■ **Task requirements**
Repeat the lines of the data exactly, from the first one through the one that contains "Prada Большая кожаная сумка Pewter - фото 4".

%%

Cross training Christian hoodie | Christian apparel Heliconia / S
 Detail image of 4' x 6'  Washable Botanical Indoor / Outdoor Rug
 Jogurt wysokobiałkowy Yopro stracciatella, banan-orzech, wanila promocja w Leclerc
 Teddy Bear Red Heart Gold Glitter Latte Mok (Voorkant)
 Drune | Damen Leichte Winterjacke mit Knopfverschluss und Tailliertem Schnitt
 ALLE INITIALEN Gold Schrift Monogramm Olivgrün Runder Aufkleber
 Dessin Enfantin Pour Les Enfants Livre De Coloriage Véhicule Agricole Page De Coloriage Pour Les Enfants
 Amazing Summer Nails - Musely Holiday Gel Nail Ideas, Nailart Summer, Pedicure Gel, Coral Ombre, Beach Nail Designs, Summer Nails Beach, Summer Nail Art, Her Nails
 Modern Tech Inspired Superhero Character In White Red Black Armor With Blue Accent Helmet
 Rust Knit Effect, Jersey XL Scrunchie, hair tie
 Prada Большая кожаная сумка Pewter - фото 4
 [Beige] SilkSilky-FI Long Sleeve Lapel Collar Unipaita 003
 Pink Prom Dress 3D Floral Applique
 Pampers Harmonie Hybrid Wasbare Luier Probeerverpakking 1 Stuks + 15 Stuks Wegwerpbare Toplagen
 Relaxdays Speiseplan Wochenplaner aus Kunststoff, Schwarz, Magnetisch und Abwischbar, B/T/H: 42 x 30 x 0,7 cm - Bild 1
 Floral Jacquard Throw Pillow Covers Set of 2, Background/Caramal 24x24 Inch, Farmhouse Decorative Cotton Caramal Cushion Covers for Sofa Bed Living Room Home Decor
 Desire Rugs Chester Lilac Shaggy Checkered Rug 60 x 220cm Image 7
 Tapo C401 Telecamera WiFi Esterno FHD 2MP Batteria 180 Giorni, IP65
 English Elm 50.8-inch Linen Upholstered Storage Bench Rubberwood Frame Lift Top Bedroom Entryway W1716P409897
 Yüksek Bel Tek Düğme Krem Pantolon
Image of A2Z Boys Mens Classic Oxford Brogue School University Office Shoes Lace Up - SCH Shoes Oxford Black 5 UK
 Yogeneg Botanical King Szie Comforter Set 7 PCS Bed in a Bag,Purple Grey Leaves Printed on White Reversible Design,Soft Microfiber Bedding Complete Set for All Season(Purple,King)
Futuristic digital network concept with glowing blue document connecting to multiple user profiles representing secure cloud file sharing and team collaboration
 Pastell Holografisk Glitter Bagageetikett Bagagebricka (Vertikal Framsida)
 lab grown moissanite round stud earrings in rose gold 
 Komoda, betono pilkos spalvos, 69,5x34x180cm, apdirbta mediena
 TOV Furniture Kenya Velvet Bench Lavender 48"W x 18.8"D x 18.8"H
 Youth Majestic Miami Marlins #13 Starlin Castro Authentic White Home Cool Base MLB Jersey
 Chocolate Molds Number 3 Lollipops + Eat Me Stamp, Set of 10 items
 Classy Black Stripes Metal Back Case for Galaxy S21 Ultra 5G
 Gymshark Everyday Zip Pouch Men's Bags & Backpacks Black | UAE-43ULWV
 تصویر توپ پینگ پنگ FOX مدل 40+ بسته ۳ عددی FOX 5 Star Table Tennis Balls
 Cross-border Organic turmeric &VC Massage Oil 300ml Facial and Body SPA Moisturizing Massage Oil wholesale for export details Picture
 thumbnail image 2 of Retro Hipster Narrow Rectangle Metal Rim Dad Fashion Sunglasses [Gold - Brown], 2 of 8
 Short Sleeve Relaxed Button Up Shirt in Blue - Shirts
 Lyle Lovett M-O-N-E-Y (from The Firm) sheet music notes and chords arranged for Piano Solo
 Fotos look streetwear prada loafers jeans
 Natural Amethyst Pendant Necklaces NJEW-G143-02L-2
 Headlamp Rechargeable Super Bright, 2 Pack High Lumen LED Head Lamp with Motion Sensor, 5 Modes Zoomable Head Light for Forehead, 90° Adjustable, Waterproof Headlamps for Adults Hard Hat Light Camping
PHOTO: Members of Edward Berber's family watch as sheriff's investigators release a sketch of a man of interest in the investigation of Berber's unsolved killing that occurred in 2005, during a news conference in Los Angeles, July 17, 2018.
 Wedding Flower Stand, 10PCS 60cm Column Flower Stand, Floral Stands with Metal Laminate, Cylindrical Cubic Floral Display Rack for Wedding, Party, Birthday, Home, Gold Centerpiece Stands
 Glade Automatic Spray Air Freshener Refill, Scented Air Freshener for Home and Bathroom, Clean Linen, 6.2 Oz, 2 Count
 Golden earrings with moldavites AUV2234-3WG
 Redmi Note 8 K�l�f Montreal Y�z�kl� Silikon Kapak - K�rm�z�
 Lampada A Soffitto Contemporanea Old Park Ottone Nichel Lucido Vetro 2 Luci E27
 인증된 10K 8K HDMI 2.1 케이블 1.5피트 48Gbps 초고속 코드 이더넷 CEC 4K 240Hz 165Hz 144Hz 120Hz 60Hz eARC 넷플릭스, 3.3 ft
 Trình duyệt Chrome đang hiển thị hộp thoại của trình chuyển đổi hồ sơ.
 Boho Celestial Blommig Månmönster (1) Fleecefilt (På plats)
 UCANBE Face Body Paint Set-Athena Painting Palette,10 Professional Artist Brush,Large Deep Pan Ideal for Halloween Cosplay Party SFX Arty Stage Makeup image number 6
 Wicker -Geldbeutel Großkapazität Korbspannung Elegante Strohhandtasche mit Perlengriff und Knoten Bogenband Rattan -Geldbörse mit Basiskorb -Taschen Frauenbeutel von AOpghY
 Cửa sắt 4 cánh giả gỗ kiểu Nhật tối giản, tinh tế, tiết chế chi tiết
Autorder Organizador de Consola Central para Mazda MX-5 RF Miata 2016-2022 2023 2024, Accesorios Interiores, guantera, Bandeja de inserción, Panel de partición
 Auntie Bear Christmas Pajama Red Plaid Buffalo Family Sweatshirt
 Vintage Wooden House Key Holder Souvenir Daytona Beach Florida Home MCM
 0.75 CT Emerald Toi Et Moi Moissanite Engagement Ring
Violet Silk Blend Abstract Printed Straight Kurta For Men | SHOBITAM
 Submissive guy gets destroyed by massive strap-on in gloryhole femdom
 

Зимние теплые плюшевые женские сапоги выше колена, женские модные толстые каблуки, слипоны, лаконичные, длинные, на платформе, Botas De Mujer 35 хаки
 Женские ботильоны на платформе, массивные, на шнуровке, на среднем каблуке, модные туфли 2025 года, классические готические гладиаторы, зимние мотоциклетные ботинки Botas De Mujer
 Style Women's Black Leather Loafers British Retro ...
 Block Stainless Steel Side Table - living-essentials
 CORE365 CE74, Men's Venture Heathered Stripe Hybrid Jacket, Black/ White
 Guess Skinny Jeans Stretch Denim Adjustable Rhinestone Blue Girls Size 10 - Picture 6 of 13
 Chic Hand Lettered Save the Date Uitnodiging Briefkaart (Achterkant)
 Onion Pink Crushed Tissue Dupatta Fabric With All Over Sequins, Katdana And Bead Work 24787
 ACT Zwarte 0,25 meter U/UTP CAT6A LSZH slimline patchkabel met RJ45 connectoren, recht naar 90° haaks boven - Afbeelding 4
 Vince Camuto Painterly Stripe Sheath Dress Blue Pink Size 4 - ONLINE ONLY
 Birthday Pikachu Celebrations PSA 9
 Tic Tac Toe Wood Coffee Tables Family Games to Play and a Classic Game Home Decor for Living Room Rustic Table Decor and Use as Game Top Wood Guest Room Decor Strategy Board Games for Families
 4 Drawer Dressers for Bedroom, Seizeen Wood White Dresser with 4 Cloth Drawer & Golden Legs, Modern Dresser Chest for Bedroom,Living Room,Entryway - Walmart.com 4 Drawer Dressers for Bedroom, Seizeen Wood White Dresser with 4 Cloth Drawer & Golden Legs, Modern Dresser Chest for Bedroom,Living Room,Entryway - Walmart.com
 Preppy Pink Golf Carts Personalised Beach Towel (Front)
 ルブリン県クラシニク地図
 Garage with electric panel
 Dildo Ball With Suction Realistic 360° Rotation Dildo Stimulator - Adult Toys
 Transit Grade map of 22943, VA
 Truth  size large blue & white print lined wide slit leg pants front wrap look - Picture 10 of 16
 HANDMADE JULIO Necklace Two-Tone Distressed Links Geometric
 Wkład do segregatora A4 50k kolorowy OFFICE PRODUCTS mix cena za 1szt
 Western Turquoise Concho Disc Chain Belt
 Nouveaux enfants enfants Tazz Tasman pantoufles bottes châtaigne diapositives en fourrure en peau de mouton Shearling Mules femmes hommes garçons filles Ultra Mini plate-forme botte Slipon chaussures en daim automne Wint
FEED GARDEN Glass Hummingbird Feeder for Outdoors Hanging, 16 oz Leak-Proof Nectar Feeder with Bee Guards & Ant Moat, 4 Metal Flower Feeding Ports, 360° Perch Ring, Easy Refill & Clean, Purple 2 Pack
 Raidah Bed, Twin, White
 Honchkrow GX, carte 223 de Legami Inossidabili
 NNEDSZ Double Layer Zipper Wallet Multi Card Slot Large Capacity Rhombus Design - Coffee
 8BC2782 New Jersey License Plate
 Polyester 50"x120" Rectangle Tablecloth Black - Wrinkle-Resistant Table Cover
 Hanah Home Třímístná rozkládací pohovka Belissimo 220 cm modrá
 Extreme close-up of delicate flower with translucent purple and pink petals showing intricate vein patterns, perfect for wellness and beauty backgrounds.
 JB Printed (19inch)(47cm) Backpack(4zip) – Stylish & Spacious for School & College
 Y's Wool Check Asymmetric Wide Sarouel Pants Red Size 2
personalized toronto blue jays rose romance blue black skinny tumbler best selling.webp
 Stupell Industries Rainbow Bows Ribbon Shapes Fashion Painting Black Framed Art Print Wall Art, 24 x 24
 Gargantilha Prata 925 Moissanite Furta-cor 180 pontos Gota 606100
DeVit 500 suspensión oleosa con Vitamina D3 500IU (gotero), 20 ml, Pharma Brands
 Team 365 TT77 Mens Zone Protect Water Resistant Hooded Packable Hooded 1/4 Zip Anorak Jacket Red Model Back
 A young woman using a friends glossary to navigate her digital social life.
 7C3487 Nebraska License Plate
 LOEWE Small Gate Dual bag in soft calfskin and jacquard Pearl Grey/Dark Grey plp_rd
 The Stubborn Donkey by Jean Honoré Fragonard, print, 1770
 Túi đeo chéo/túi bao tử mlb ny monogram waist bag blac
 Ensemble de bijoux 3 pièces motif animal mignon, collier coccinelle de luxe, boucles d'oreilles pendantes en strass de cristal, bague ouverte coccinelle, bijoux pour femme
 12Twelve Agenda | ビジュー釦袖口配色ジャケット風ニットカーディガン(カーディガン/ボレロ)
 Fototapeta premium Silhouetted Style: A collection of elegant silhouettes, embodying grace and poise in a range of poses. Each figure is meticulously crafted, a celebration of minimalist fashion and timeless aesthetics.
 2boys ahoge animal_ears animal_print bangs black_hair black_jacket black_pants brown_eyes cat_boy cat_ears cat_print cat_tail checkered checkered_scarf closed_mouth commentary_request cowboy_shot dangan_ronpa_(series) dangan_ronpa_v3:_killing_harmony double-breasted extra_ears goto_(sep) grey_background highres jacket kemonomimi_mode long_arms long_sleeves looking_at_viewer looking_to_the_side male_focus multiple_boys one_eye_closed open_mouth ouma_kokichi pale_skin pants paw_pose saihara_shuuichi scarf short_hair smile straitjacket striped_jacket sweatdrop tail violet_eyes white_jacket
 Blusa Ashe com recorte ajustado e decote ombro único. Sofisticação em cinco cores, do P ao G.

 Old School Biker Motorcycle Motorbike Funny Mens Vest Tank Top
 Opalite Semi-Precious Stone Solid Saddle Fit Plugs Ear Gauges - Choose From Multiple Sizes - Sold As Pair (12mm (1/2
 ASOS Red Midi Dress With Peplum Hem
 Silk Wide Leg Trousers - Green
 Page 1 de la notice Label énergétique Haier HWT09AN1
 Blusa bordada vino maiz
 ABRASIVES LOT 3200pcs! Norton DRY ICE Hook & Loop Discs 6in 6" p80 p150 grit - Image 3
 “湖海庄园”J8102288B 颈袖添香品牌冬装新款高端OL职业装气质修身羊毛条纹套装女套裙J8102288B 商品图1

%%

■ **Answer to this exercise**
Cross training Christian hoodie | Christian apparel Heliconia / S
 Detail image of 4' x 6'  Washable Botanical Indoor / Outdoor Rug
 Jogurt wysokobiałkowy Yopro stracciatella, banan-orzech, wanila promocja w Leclerc
 Teddy Bear Red Heart Gold Glitter Latte Mok (Voorkant)
 Drune | Damen Leichte Winterjacke mit Knopfverschluss und Tailliertem Schnitt
 ALLE INITIALEN Gold Schrift Monogramm Olivgrün Runder Aufkleber
 Dessin Enfantin Pour Les Enfants Livre De Coloriage Véhicule Agricole Page De Coloriage Pour Les Enfants
 Amazing Summer Nails - Musely Holiday Gel Nail Ideas, Nailart Summer, Pedicure Gel, Coral Ombre, Beach Nail Designs, Summer Nails Beach, Summer Nail Art, Her Nails
 Modern Tech Inspired Superhero Character In White Red Black Armor With Blue Accent Helmet
 Rust Knit Effect, Jersey XL Scrunchie, hair tie
 Prada Большая кожаная сумка Pewter - фото 4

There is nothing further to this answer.